Giancarlo Pittelli avrebbe provato a corrompere il giudice Marco Petrini all’epoca presidente di sezione della Corte d’Appello di Catanzaro per ottenere la restituzione della società confiscata all’imprenditore vicino ai Piromalli, Rocco Delfino.

E’ il 16 novembre quando l’ex giudice, condannato a 4 anni e 4 mesi per corruzione in atti giudiziari, si accomoda davanti ai magistrati della Dda di Salerno. Dopo il suo arresto Petrini aveva confermato una “reale iniziativa corruttiva di Pittelli in favore di Rocco Delfino” parlando di una promessa di una somma di denaro in cambio dell’esito favorevole della revisione del provvedimento di confisca. Poche settimane dopo però aveva ritrattato tutto smentendo qualsiasi ipotesi corruttiva anche solo tentata.

Due mesi fa il nuovo colpo di scena. Petrini “conferma interamente il perfezionarsi della corruzione in relazione – scrive il Ros – ad una sua pronuncia su una vicenda che colpiva il patrimonio di Rocco Delfino”. Ai magistrati l’ex giudice spiega: “C’era stata una promessa però poi non c’è stata mai nessuna dazione… perché entrambi furono arrestati”. L’avvocato e l’imprenditore infatti il 19 dicembre 2019 finirono nel maxi blitz Rinascita Scott. Le parole di Petrini rischiano di avere ripercussioni sulle due accuse di concorso esterno che gravano su Pittelli. La figura di Rocco Delfino fa infatti da anello di congiunzione tra l’inchiesta di Reggio Calabria Mala Pigna e il maxi blitz della Dda di Catanzaro.

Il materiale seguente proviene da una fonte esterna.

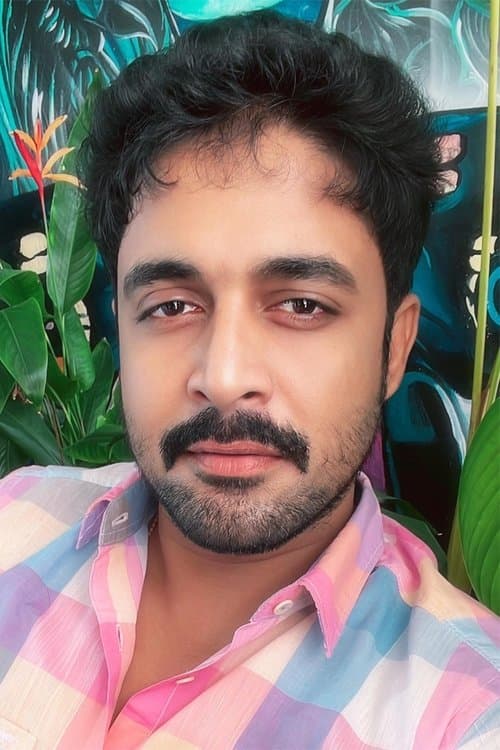 Photo of Manesh Krishnan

L’imprenditore vicino ai Piromalli sarebbe entrato in contatto con Pittelli su raccomandazione del boss vibonese Luigi Mancuso. Così come era già emerso nell’ambito dell’inchiesta coordinata dal procuratore Nicola Gratteri, Pittelli avrebbe attivato i suoi canali istituzionali per “salvare” da interdittive e sequestri le imprese di Delfino coinvolgendo anche un ufficiale dell’Arma dei carabinieri. La Dda di Reggio è riuscita a mettere un ulteriore tassello. Per Giuseppe Piromalli detto Facciazza e suo figlio Antonio Piromalli, entrambi detenuti, Giancarlo Pittelli avrebbe fatto da “postino” portando all’esterno i messaggi dei boss detenuti. Il ruolo dell’avvocato sarebbe emerso in merito al pagamento di un perito incaricato di esaminare la pistola usata per l’uccisione del sostituto procuratore generale della Corte di Cassazione Antonino Scopelliti.

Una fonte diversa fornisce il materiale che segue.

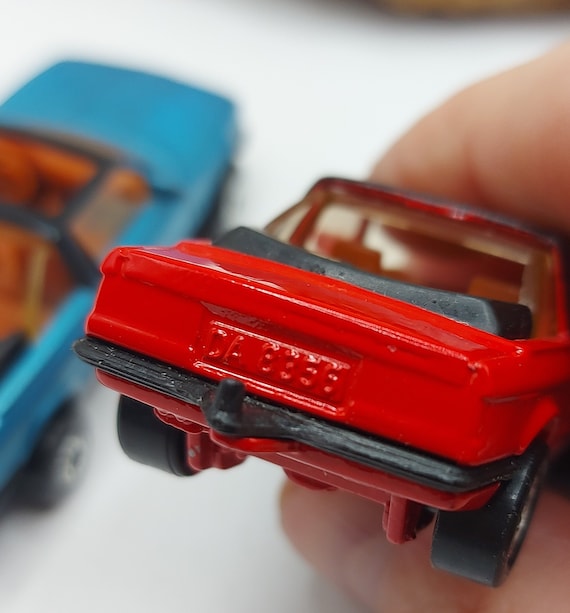 2 Vintage 1985 Matchbox BMW 323i Cabriolet Diecast Cars - Etsy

Giuseppe Piromalli è considerato uno dei mandanti dell’omicidio, avvenuto il 9 agosto 1991 in un agguato a Campo Calabro mentre la vittima, a bordo della sua auto, rientrava a casa. Delfino avrebbe dovuto pagare i 30 mila euro dovuti al perito di parte ma secondo le indicazioni del boss detenuto. Per il gip di Reggio, Pittelli avrebbe tentato di tutelare gli interessi economici imprenditoriali di un uomo chiave della cosca come Rocco Delfino. A lui il penalista catanzarese consigliava: “Allora Rocco, io devo tirare prima di tutto i vostri interessi. Prima ci siete voi, poi vengono tutti gli altri”.

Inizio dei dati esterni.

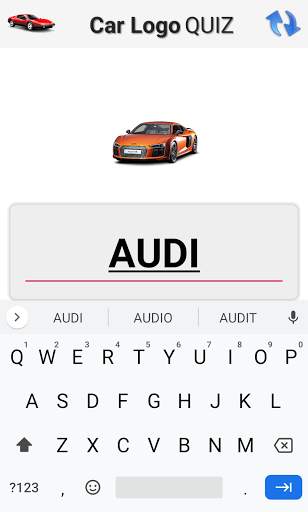 Car Logo Quiz screenshot 7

Pittelli si è difeso sostenendo che con Delfino vi era solo un rapporto professionale tra avvocato e cliente. Di recente l’ex senatore ha preso la parola durante il maxi processo Rinascita Scott. Riferendosi a Petrini ha dichiarato di non aver avuto mai alcun rapporto particolare con lui anche perché il giudice lo riteneva autore di un esposto contro di lui al Csm.